Magyar Polgár, 2. September 1868.
Törvények és Hivatalos Rendeletek Gyűjteménye (Sammlung der Gesetze und amtlichen Verordnungen). Red. von B. ÖKRÖS. Pest 1868, 207.
J. Gáls Brief an Bariţ vom 25. Mai 1867, s. George Bariţ magyar levelezése (George Bariţs ungarische Korrespondenz). Red. von I. CHINDRIŞ und F. KOVÁCS. Bukarest 1975. 103.
Für die detaillierte Regelung der Union wurde eine Sondergesetz geschaffen (Nr. XLIII/1868), das erneut die bürgerliche und politische Gleichberechtigung und damit die Beseitigung der früheren Vorrechte der drei „Nationen” erklärte; zugleich wurde die Rechtsgleichheit der Konfessionen bekräftigt, die ihr Selbstverwaltungssystem beibehalten konnten. Das Gubernium wurde abgeschafft, die Ernennung der Szekler Oberkönigsrichter sowie des Sachsenkomes erfolgte von nun an auf Vorschlag der Regierung. Die sächsische Nationsuniversität blieb vorläufig bestehen, obwohl sie ihre Kompetenz als Gericht einbüßte. Eine ganze Reihe von absolutistischen Rechtsnormen blieb in Kraft, da man bis zur geplanten Reform des Rechtssystems nicht vorübergehend die alten ungarischen Rechtsnormen auf Siebenbürgen ausdehnen wollte. Auf diese Weise bildete Siebenbürgen für eine gewisse Zeit ein tatsächlich separiertes Rechtsterritorium. Mit dem Inkrafttreten der neuen Gesetze verschwanden diese Unterschiede stufenweise, zur Gänze konnten sie aber auch bis zum Ende der Periode nicht beseitigt werden. Dieser Rechtsdualismus führte dazu, daß in Siebenbürgen teils modernere, teils wiederum weniger liberale Verhältnisse als im engeren Ungarn herrschten.

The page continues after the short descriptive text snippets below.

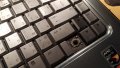 матрица 15.4 от лаптоп HP Compaq Pavilion dv5 - 1250eq, снимка 9
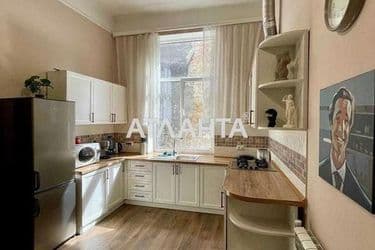 2-кімнатна квартира за адресою вул. Огієнка (площа 52 м²) - Atlanta.ua - фото 21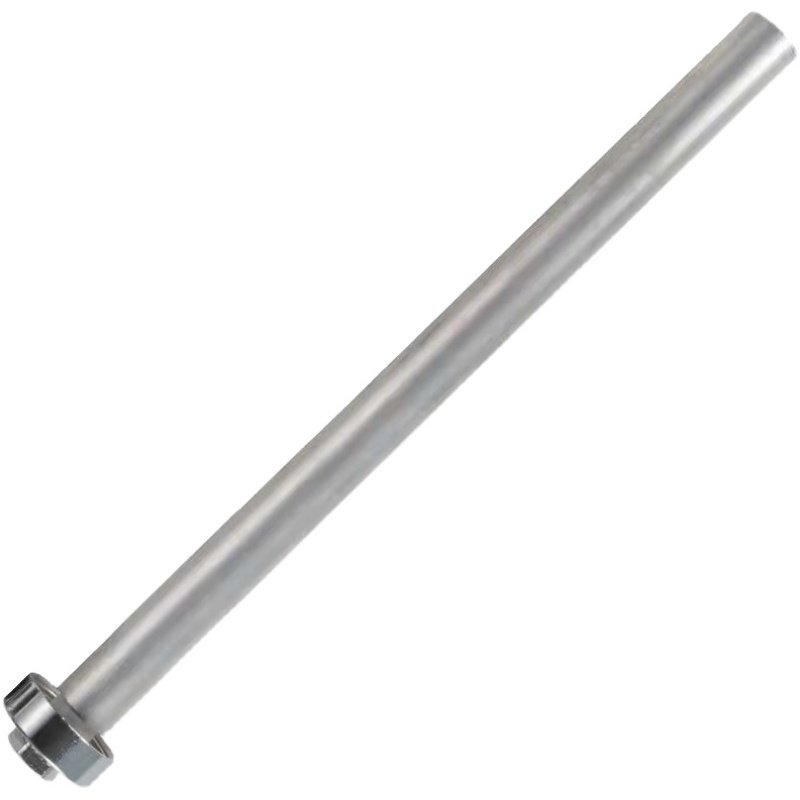 储水式电热水器配件大全镁棒排污口堵头过水热//0//升碳棒,生活电器,其他生活家电配件,淘宝优惠券,粉丝福利购,淘宝优惠卷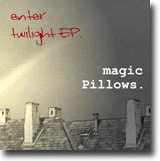 Enter Twilight – Nesten magisk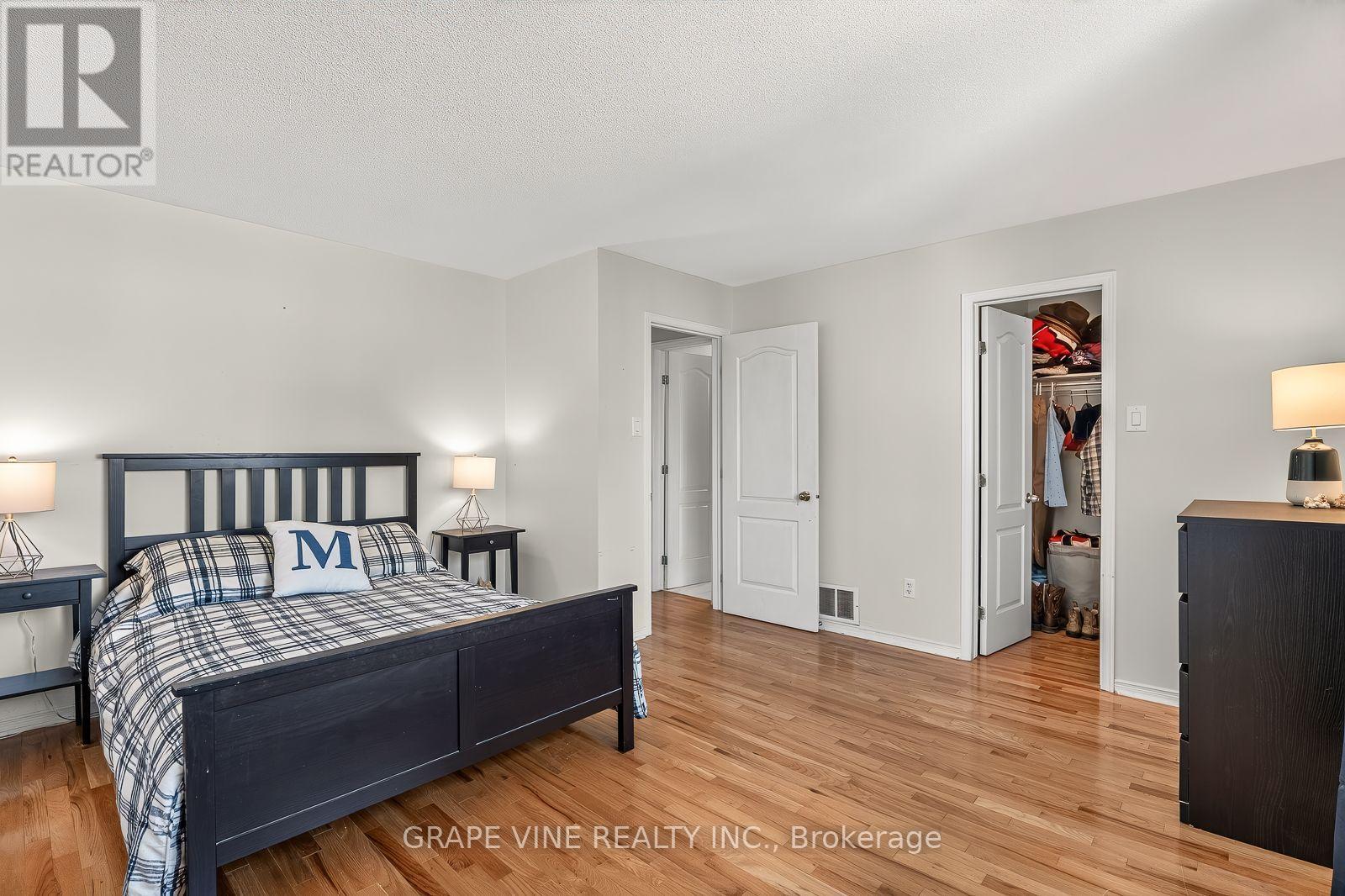 741 Maley Street, North Grenville, Ontario  K0G 1J0 - Photo 27 - X13546506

Das moderne österreichische Zivilgesetzbuch blieb (natürlich mit zahlreichen inzwischen durchgeführten Modifizierungen) weiter in Kraft, ebenso das moderne Bergbaugesetz von 1854. Hier (sowie in Kroatien) behielt die Regierung die zentral gelenkte Gendarmerieorganisation bei, die immerhin moderner war als die in den Komitaten des engeren Ungarn bestehende Pandurenorganisation. Dabei hatte zweifellos schon damals eine Rolle gespielt, daß man bemüht war, die Nationalitätenbewegungen zu dämpfen. Es blieben die antiliberalen Presserechtsnormen aus dem Jahre 1852 in Kraft, die allerdings 1871 modernisiert wurden, um „die in der Schwurgerichtsinstitution liegende Garantie der Pressefreiheit auch auf Siebenbürgen auszudehnen”.* Im Falle einer Anklage auf Pressevergehen reichten bereits sechs „Nicht schuldig”-Stimmen der zwölf Geschworenen aus, um die Anklage fallenzulassen, wodurch der Behördenwillkür zweifellos Grenzen gesetzt wurden.
Verordnung 1498/1871 des Justiz- und Innenministers. Rendeletek Tára (Verordnungssammlung). 1871, 183.